Several points came up yesterday which I think are worth mentioning here. One was the notion that different users of author identifier systems have different requirements in terms of the quality and completeness of the data in those systems. So a service which covers 80% of researchers might have enough to be useful for a range of other services, even though it is not complete.
Participants were asked to imagine that they had a magic wand and could grant three wishes in relation to DAIs. Common themes quickly appeared: openness of the data was an oft-mentioned priority – the information needs to be freely available in order to build other useful services on top of it. Other popular choices were the importance of having a single identifier for an author at an international level and an agreed way of aligning national identifier services with international ones. It was agreed that the benefits to the individuals being identified should be easily demonstrated to ensure their engagement.

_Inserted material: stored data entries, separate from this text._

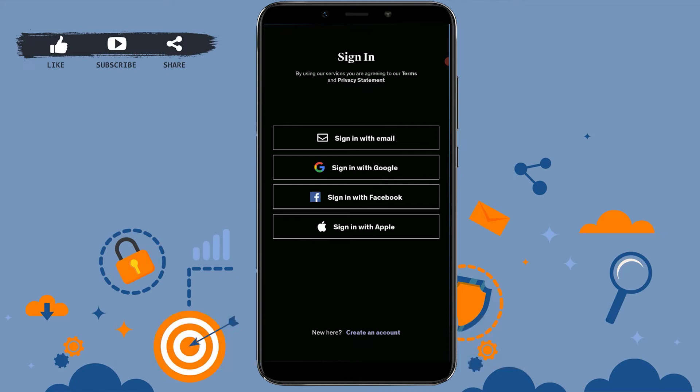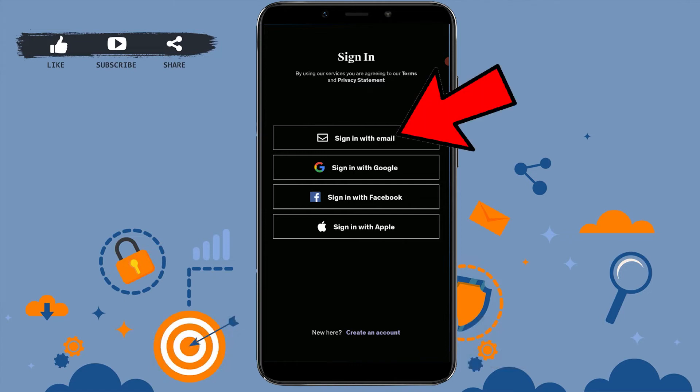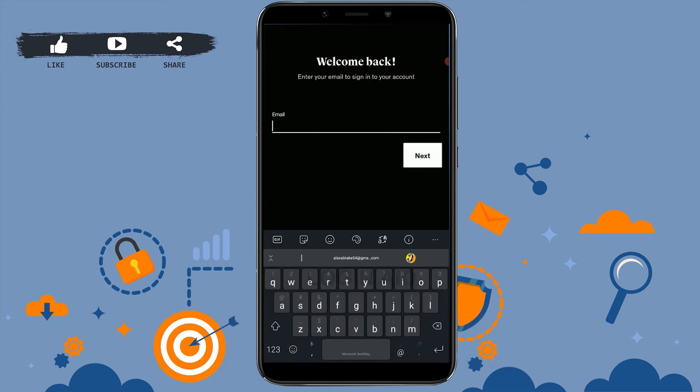If you click on one of those options, you will be able to get signed in with just one tap, as you have linked your Udemy account with that social media platform. Here we are going to go through signing in with email.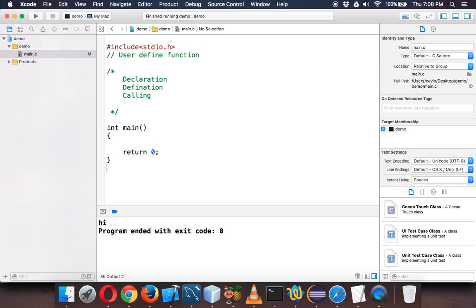There's one more advantage of using functions. Let's say you want to execute a set of statements multiple times. Instead of writing those statements multiple times, you can take out those statements in one block and call that block multiple times. That will be easier.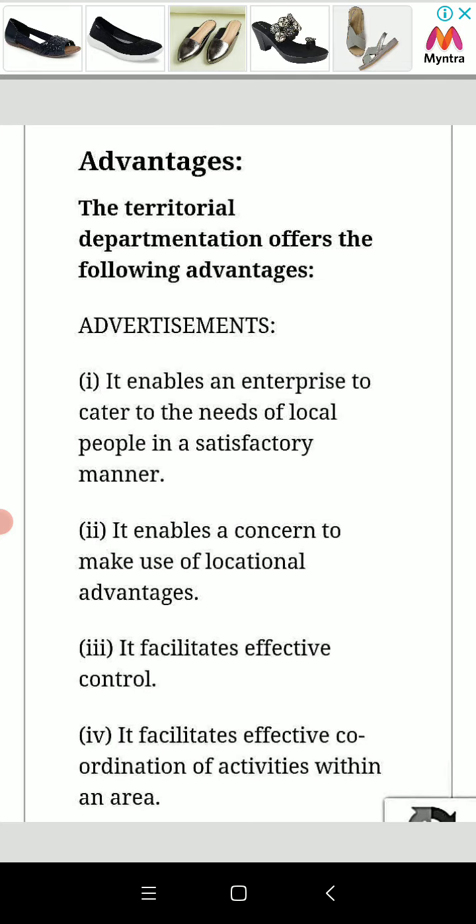It enables an enterprise to cater to the needs of local people in a satisfactory manner. It also enables a concern to make use of locational advantages.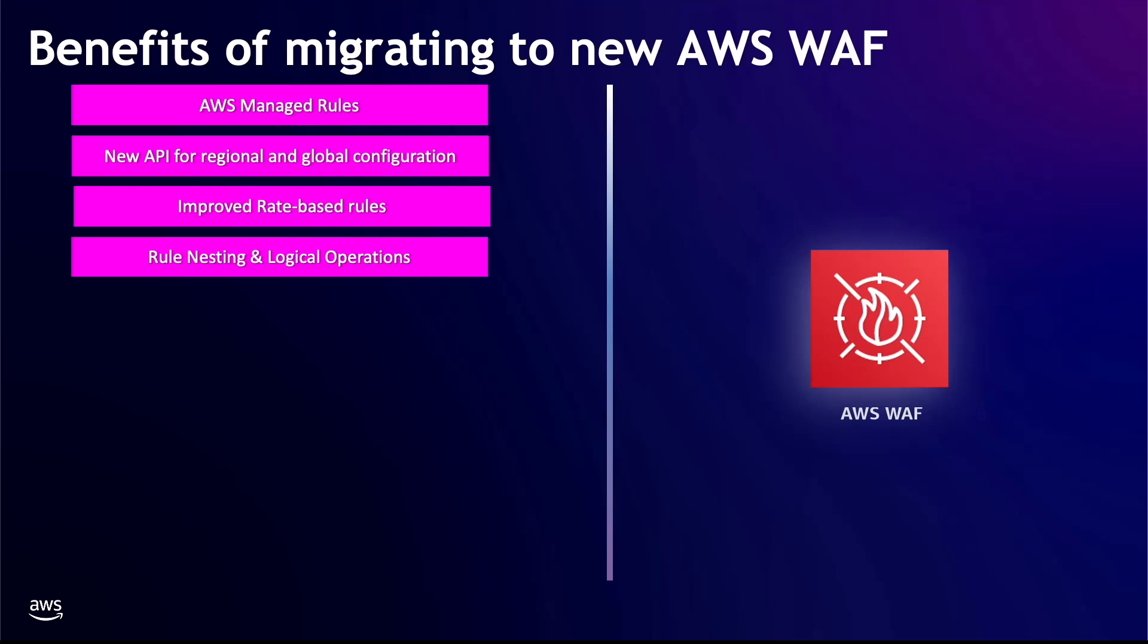Rule nesting and logical operations. AWS WAF supports complex rule nesting and logical operations. For example, you can create a complex rule to evaluate for a condition A and not B or C.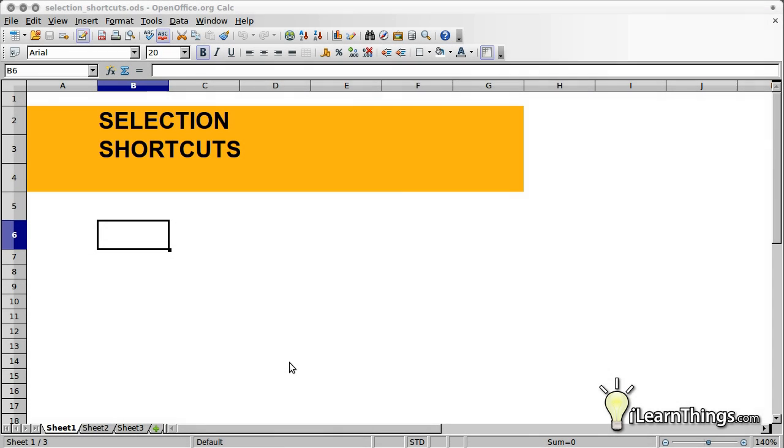Hi, my name is Tony Felias and you're watching ILearnThings.com, Episode 6, Selection Shortcuts.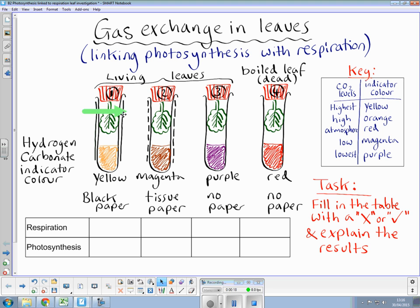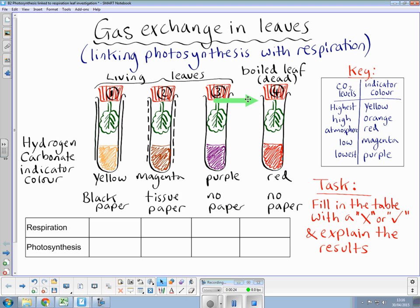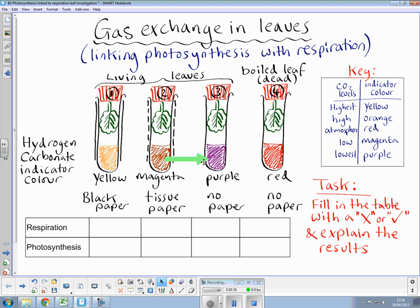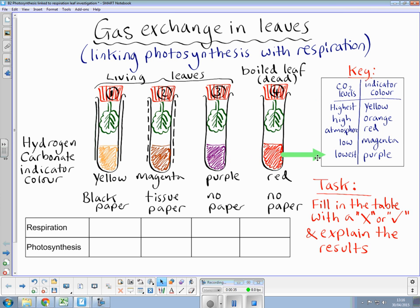The first three tubes, one, two, and three, have leaves that are living, and unfortunately this poor little chappy here has been boiled, so it is dead. At the bottom of the tubes, you can see a hydrogen carbonate indicator, which does change colour depending on the level of CO2 present, and we have this key here on the right-hand side.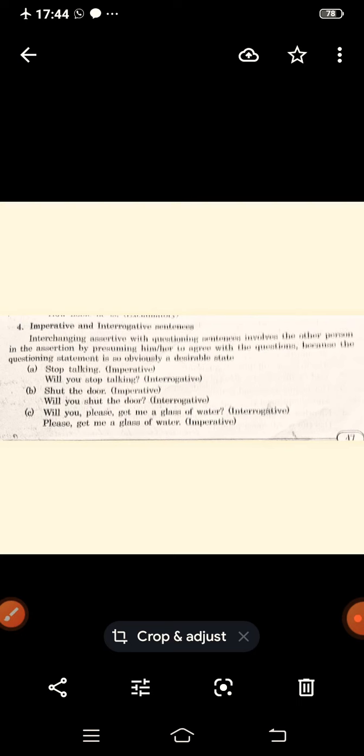Next: imperative and interrogative sentences — imperative to interrogative and interrogative to imperative. Interchanging an imperative with a questioning sentence involves the other person in the assertion. Note that in imperative sentences the subject is not stated — the imaginary subject is 'you.' Example: 'Stop talking' — imperative. Change into interrogative: 'Will you stop talking?'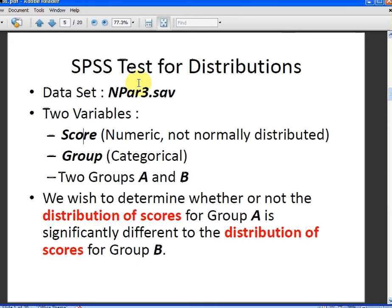For these type of procedures you have to specify a group, and the groups are A and B. What we wish to do is determine whether or not the distribution of scores from group A is significantly different to the distribution of scores from group B.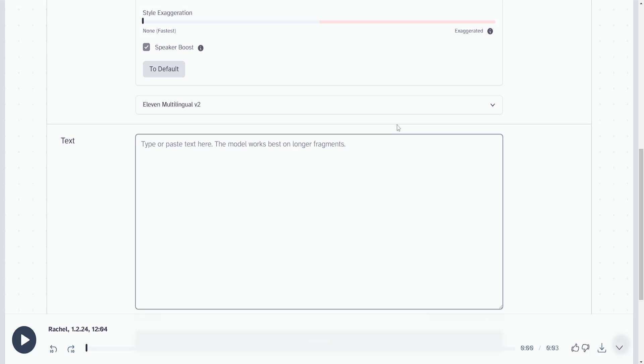In quotation marks, I'm going to write 'he's not doing that,' then end the quotation marks. We're going to add a hyphen after a space, and then if we want to make it sound angry, we can type 'she said angrily.'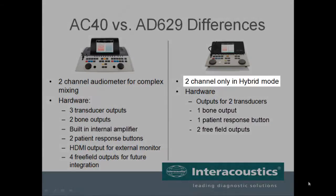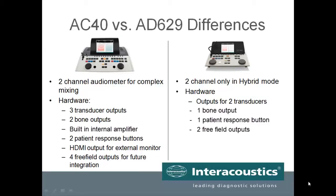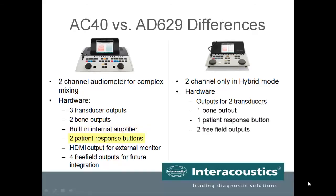The AD629 only has this functionality in the hybrid version when utilizing Diagnostic Suite. When looking at the hardware, the AC40 offers additional ports for increased functionality. These include three transducer outputs versus the AD629's two, two bone outputs versus one, a free field amplifier, two patient response buttons, HDMI output for an external monitor, and four free field outputs versus the two typically used, which will be accessible for future integration.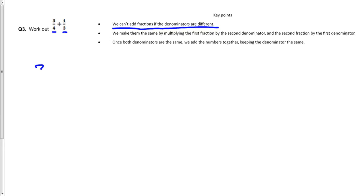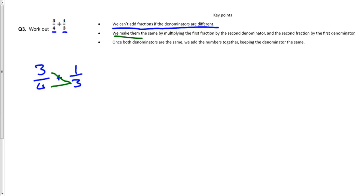So we've got three over four plus one over three. Now the way we do this is that we multiply the first fraction by the other denominator. So we do three lots of three and three lots of four. So what we've done there is we've made them the same by multiplying the first fraction by the second denominator.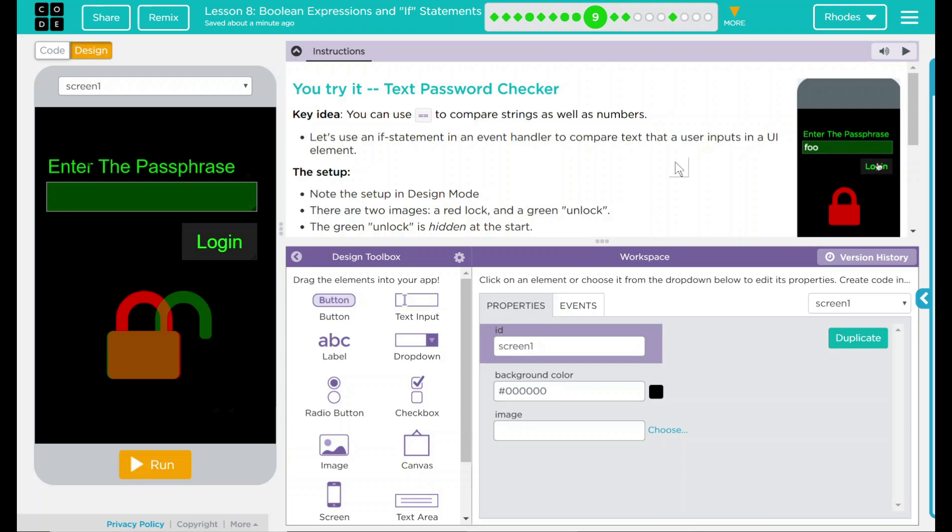Hey kids, welcome to Lesson 8 Boolean Expressions and If Statements number 4. You try it, text password checker.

Group discussions in the afternoon focused on the role of DAIs from the viewpoint of suppliers of information, those needing the data and those in charge of working out how the systems should be overseen. One interesting point from the reporting of these groups was the general acceptance that digital author identifier systems are ‘resistant to traditional business models’ (Cliff Lynch) and ideally should be funded as elements of infrastructure. This is mainly because the data held in the systems needs to be freely available for re-use to make the most of having them (and to create the ‘frictionless sharing’ and ‘bridges of trust’ which were mentioned in the meeting), but no-one is expecting individual researchers or authors to pay a fee in order to register their identifier.
Today the discussion will move on to analysing opportunities and challenges in issues of governance, interoperability and added value and maybe come up with some actions for members of this international group to take on.
It’s been an interesting week of visits to institutional repositories around Scotland and England. One thing that has become very clear is that no two repositories are doing things in exactly the same way: even those with very similar software set-ups.
Some institutions have a great deal of control over the names in their repository (the University of Warwick is a good example of this), while others have control over the names of researchers from their own institution (often through a manual or automatic check against the human resources database), but no standardisation for co-authors who are outside the university. From conversations this week, it seems that one of the most useful things the Names Project will be able to do in the near future is to take those lists of external researchers (along with the title of their article or conference paper) and provide the repository with an identifier for them, matched from the Zetoc data that we’re using to disambiguate people.
We don’t have affiliation data in the Names pilot system yet – changing this proves to be a bit of a stumbling block with institutions, who are reluctant to give us information about their researchers (the Data Protector spectre looms large when I raise this topic*). The RAE 2008 data is available on the web now, giving access to information about researchers and institutions, so the project will be using this to supply some of the affiliation data for those researchers covered by that Research Assessment Exercise.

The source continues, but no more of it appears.